Effect of Intensive Blood Pressure Treatment on Heart Failure Events in the Systolic Blood Pressure Reduction Intervention Trial

Abstract

Background: Acute decompensated heart failure (ADHF) was a frequent common outcome in SPRINT (Systolic Blood Pressure Intervention Trial). We examined whether there was differential reduction in ADHF events from intensive blood pressure [BP] treatment among the 6 key, prespecified subgroups in SPRINT: age ≥75 years, prior cardiovascular disease, chronic kidney disease, women, black race, and 3 levels of baseline systolic BP (≤132 versus >132 to <145 versus ≥145 mm Hg).

Methods and results: ADHF was defined as hospitalization for ADHF, confirmed and formally adjudicated by a blinded events committee using standardized protocols. At 3.29 years follow-up, there were 103 ADHF events (2.2%) among 4683 standard arm participants and 65 ADHF events (1.4%) among 4678 intensive arm participants (Cox proportional hazards ratio, 0.63; 95% confidence interval, 0.46-0.85; P value =0.003). In multivariable analyses, including treatment arm, baseline covariates that were significant predictors for ADHF included chronic kidney disease, cardiovascular disease, age≥75 years, body mass index, and higher systolic BP. The beneficial effect of the intervention on incident ADHF was consistent across all prespecified subgroups. Participants who had incident ADHF had markedly increased risk of subsequent cardiovascular events, including a 27-fold increase (P<0.001) in cardiovascular death.
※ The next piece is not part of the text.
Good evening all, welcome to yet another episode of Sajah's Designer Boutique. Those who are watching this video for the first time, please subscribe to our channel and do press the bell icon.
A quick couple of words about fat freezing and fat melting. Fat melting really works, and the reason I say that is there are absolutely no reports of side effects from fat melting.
Conclusions: Targeting a systolic BP<120 mm Hg, compared with <140 mm Hg, significantly reduced ADHF events, and the benefit was similar across all key, prespecified subgroups. Participants who developed ADHF had markedly increased risk for subsequent cardiovascular events and death, highlighting the importance of strategies aimed at prevention of ADHF, especially intensive BP reduction.
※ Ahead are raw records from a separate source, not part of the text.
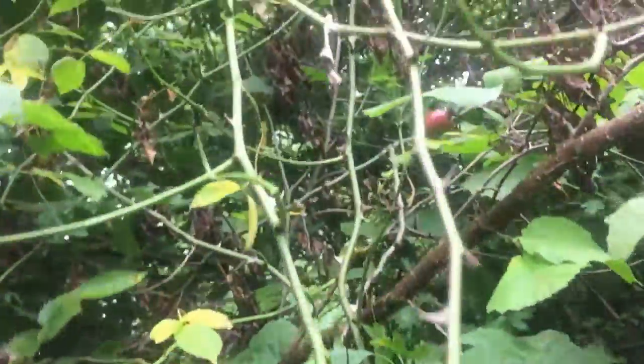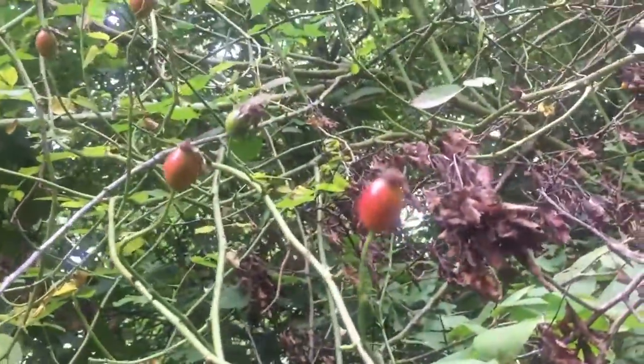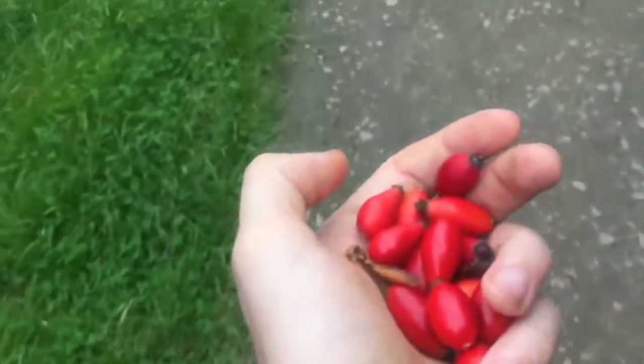So these here are rose hips — they're part of the rose family, you can see them here. These ones aren't too ripened. These are wild edibles in the UK and they've got a very distinctive look and taste to them.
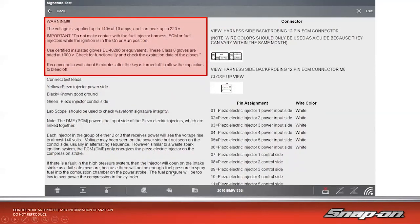Important warning: voltage is supplied up to 140 volts at 10 amps and can peak up to 220 volts. Do not make contact with the fuel injector harness, ECM, or fuel injectors while the ignition is on or in the run position. They recommend using insulated gloves and waiting about five minutes after the key is turned off to allow the capacitors to bleed off — that's how they build up that high voltage using high voltage capacitors in the system.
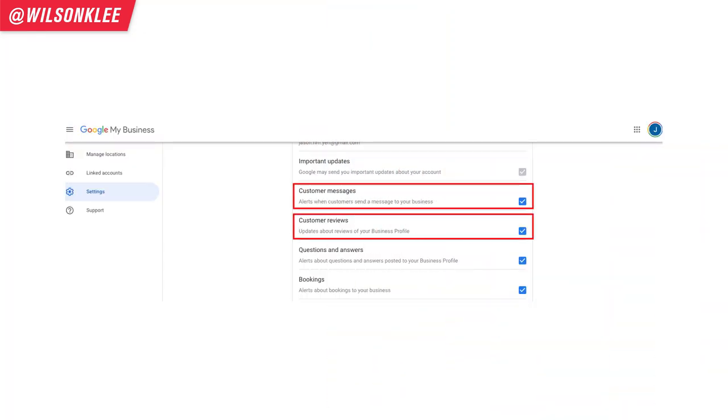Next, set up your Google My Business review notifications as well. Whenever people give you reviews on Google, you get notified right away so you can respond quickly and swiftly. The last thing you want is having a ton of people leave reviews and you don't engage, you don't respond, and people think you're ghosting them — with no opportunity to actually rectify things. That's the reason why setting up alerts is super important.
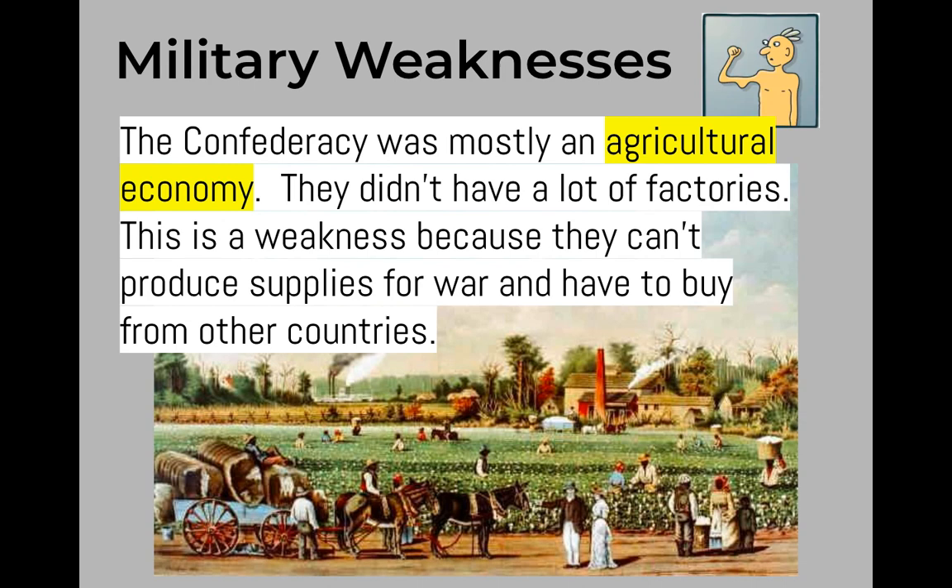Another military weakness of the Confederacy is that it was mostly an agricultural economy — they didn't have a lot of factories. This is a weakness because the Confederacy couldn't produce supplies for war and had to buy those supplies from other countries.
Clinical trial registration: URL: http://www.clinicaltrials.gov. Unique identifier: NCT01206062.

Keywords: aging; clinical trial; heart failure; hypertension; women and minorities.

Conflict of interest statement

Conflict of Interest Disclosures: The authors have completed and submitted the ICMJE Form for Disclosure of Potential Conflicts of Interest. Dr Kitzman reported receiving personal fees from Merck, Forest Labs, and Abbvie; personal fees and other from Gilead and Relypsa; and grants from Novartis outside the submitted work. Dr Oparil reported receiving personal fees from Forest Laboratories Inc; grants, personal fees, and nonfinancial support from Medtronic; personal fees from Amgen (Onyx is subsidiary); grants and personal fees from AstraZeneca and Bayer Healthcare Pharmaceuticals Inc; personal fees from Boehringer-Ingelheim and GlaxoSmithKline; grants from Merck and Co; and serving as co-chair for the Eighth Joint National Committee. Dr. Lewis reported research funding from Novo Nordisk. Dr. Cushman reported receiving institutional grants from Eli Lilly and Boehringer Ingelheim, and has provided uncompensated consultation to Takeda Pharmaceuticals. No other disclosures were reported.

© 2017 American Heart Association, Inc.

Figures

Figure 1

Kaplan-Meier curves for the SPRINT acute decompensated heart failure outcome by treatment group. Vertical bars indicate 95% confidence intervals. P-value is from a Cox proportional hazards model stratified by clinical site. Number at risk and number of events is shown every six months.

Figure 2

Forest plot of acute decompensated heart failure according to subgroups. The dashed vertical line represents the hazard ratio for the overall study population. The box sizes are proportional to the precision of the estimates (with larger boxes indicating a greater degree of precision). The subgroup of no previous chronic kidney disease (CKD) includes some participants with unknown CKD status at baseline. Black race includes Hispanic black and black as part of a multiracial identification.